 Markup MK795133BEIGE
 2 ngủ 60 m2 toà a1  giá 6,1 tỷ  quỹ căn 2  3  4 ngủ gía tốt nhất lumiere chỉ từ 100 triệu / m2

##############################

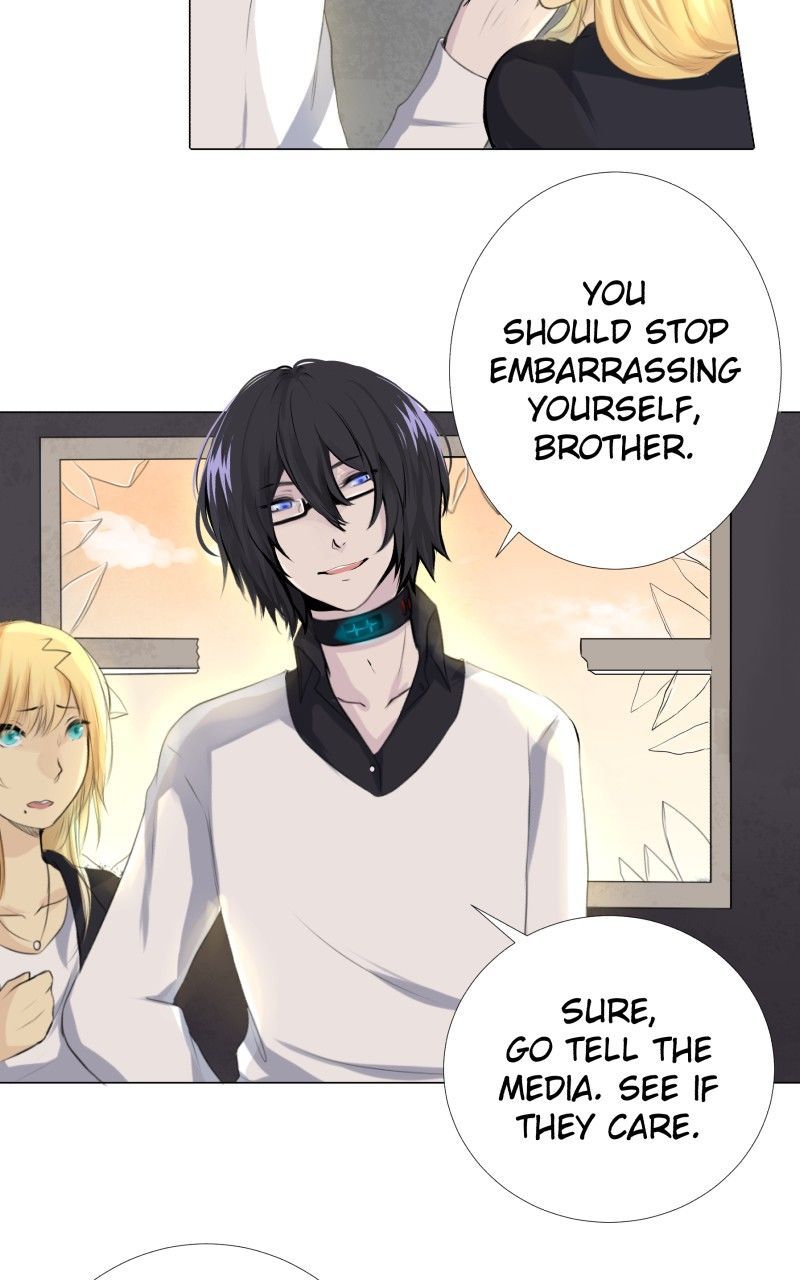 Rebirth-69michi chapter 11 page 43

##############################

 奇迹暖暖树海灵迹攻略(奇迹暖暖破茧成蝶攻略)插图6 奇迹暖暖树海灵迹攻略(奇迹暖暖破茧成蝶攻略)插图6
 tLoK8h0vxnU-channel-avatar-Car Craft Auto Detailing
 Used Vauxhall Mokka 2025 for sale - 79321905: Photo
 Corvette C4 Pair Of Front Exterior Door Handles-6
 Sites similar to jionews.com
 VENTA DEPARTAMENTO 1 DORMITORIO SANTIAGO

##############################

Will you return exactly the lines above from the one with "Used Vauxhall Mokka" down to the one with "VENTA DEPARTAMENTO 1 DORMITORIO SANTIAGO", counting both as part of the range?

 Used Vauxhall Mokka 2025 for sale - 79321905: Photo
 Corvette C4 Pair Of Front Exterior Door Handles-6
 Sites similar to jionews.com
 VENTA DEPARTAMENTO 1 DORMITORIO SANTIAGO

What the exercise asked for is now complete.